Spectroscopic properties of \(\mathrm{Ho}^{3+}\)-doped K–Sr–Al phosphate glasses

Abstract

Trivalent holmium-doped K–Sr–Al phosphate glasses (\(\mathrm{P}_{2}\mathrm{O}_{5}\)–\(\mathrm{K}_{2}\mathrm{O}\)–SrO–\(\mathrm{Al}_{2}\mathrm{O}_{3}\)–\(\mathrm{Ho}_{2}\mathrm{O}_{3}\)) were prepared, and their spectroscopic properties have been evaluated using absorption, emission, and excitation measurements. The Judd–Ofelt theory has been used to derive spectral intensities of various absorption bands from measured absorption spectrum of 1.0 mol% \(\mathrm{Ho}_{2}\mathrm{O}_{3}\)-doped K–Sr–Al phosphate glass.
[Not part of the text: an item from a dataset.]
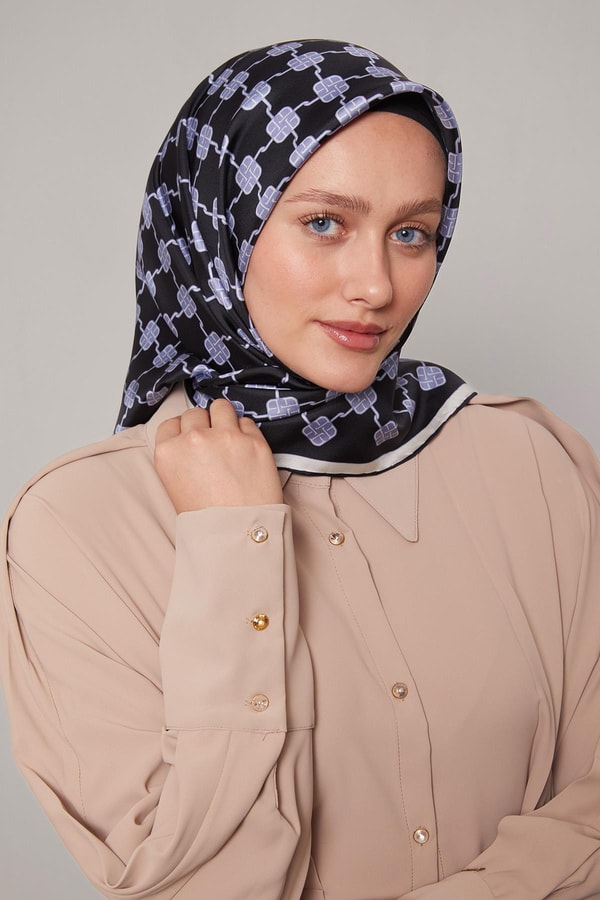 LevidorLacivert Mini Yonca Desen Twill İpek Eşarp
The Judd–Ofelt intensity parameters (\(\varOmega_{\lambda}\), \(\times10^{-20}~\mathrm{cm}^{2}\)) have been determined of the order of \(\varOmega_{2} = 11.39\), \(\varOmega_{4} = 3.59\), and \(\varOmega_{6} = 2.92\), which in turn used to derive radiative properties such as radiative transition probability, radiative lifetime, branching ratios, etc. for excited states of \(\mathrm{Ho}^{3+}\) ions. The radiative lifetimes for the \({}^{5}F_{4}\), \({}^{5}S_{2}\), and \({}^{5}F_{5}\) levels of \(\mathrm{Ho}^{3+}\) ions are found to be 169, 296, and 317 μs, respectively. The stimulated emission cross-section for 2.05-μm emission was calculated by the McCumber theory and found to be \(9.3\times10^{-2 1}~\mathrm{cm}^{2}\). The wavelength-dependent gain coefficient with population inversion rate has been evaluated. The results obtained in the titled glasses are discussed systematically and compared with other \(\mathrm{Ho}^{3+}\)-doped systems to assess the possibility for visible and infrared device applications.